Update vs. replace document validation
Update documents provided in UpdateOne
and UpdateMany
write models are required only to contain atomic modifiers
(i.e. keys that start with "$"). Drivers MUST throw an error if an update document is empty or if the document's first
key does not start with "$". Drivers MUST rely on the server to return an error if any other entries in the update
document are not atomic modifiers. Drivers are not required to perform validation on update pipelines.
Replacement documents provided in ReplaceOne
write models are required not to contain atomic modifiers. Drivers MUST
throw an error if a replacement document is nonempty and its first key starts with "$". Drivers MUST rely on the server
to return an error if any other entries in the replacement document are atomic modifiers.
Options
class BulkWriteOptions {
/**
* Whether the operations in this bulk write should be executed in the order in which they were
* specified. If false, writes will continue to be executed if an individual write fails. If
* true, writes will stop executing if an individual write fails.
*
* Defaults to true.
*/
ordered: Optional<Boolean>;
/**
* If true, allows the writes to opt out of document-level validation.
*
* This option is only sent if the caller explicitly provides a value. The server's default
* value is false.
*/
bypassDocumentValidation: Optional<Boolean>;
/**
* A map of parameter names and values to apply to all operations within the bulk write.
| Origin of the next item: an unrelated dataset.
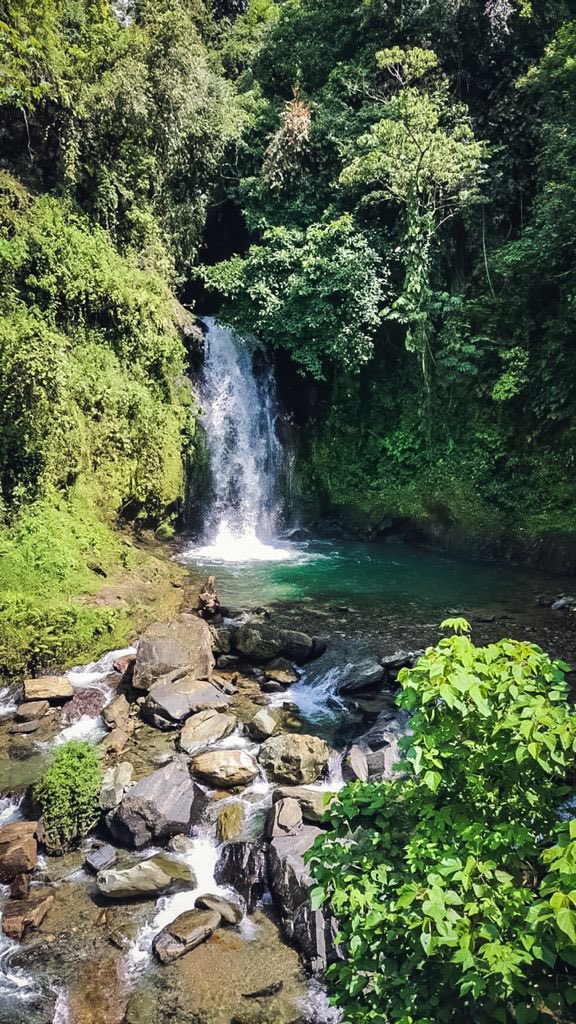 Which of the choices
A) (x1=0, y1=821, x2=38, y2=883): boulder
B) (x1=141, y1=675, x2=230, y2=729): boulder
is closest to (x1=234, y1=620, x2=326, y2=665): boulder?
(x1=141, y1=675, x2=230, y2=729): boulder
Value
* must be constant or closed expressions that do not reference document fields. Parameters can
* then be accessed as variables in an aggregate expression context (e.g. "$$var").
*
* This option is only sent if the caller explicitly provides a value.
*/
let: Optional<Document>;
/**
* The write concern to use for this bulk write.
*/
writeConcern: Optional<WriteConcern>;
/**
* Enables users to specify an arbitrary comment to help trace the operation through
* the database profiler, currentOp and logs.
*
* This option is only sent if the caller explicitly provides a value.
*/
comment: Optional<BSON value>;
/**
* Whether detailed results for each successful operation should be included in the returned
* BulkWriteResult.
*
* Defaults to false. This value corresponds inversely to the errorsOnly field in the bulkWrite
* command.
*/
verboseResults: Optional<Boolean>;
}
Result
class BulkWriteResult {
/**
* Indicates whether this write result was acknowledged. If not, then all other members of this
* result will be undefined.
*
* NOT REQUIRED TO IMPLEMENT. See below for more guidance on modeling unacknowledged results.
*/
acknowledged: Boolean;
/**
* Indicates whether the results are verbose. If false, the insertResults, updateResults, and
* deleteResults fields in this result will be undefined.
*
* NOT REQUIRED TO IMPLEMENT. See below for other ways to differentiate summary results from
* verbose results.
*/
hasVerboseResults: Boolean;
/**
* The total number of documents inserted across all insert operations.
*/
insertedCount: Int64;
/**
* The total number of documents upserted across all update operations.
*/
upsertedCount: Int64;
/**
* The total number of documents matched across all update operations.
*/
matchedCount: Int64;
/**
* The total number of documents modified across all update operations.
*/
modifiedCount: Int64;
/**
* The total number of documents deleted across all delete operations.
*/
deletedCount: Int64;
/**
* The results of each individual insert operation that was successfully performed.
*/
insertResults: Map<Int64, InsertOneResult>;
/**
* The results of each individual update operation that was successfully performed.
*/
updateResults: Map<Int64, UpdateResult>;
/**
* The results of each individual delete operation that was successfully performed.
*/
deleteResults: Map<Int64, DeleteResult>;
}
class InsertOneResult {
/**
* The _id of the inserted document.
*/
insertedId: Any;
}
class UpdateResult {
/**
* The number of documents that matched the filter.
*/
matchedCount: Int64;
/**
* The number of documents that were modified.
*/
modifiedCount: Int64;
/**
* The _id field of the upserted document if an upsert occurred.
*
* It MUST be possible to discern between a BSON Null upserted ID value and this field being
* unset. If necessary, drivers MAY add a didUpsert boolean field to differentiate between
* these two cases.
*/
upsertedId: Optional<BSON value>;
}
class DeleteResult {
/**
* The number of documents that were deleted.
*/
deletedCount: Int64;
}
Unacknowledged results
BulkWriteResult
has an optional acknowledged
field to indicate whether the result was acknowledged. This is not
required to implement. Drivers should follow the guidance in the CRUD specification
here to determine how to model unacknowledged results.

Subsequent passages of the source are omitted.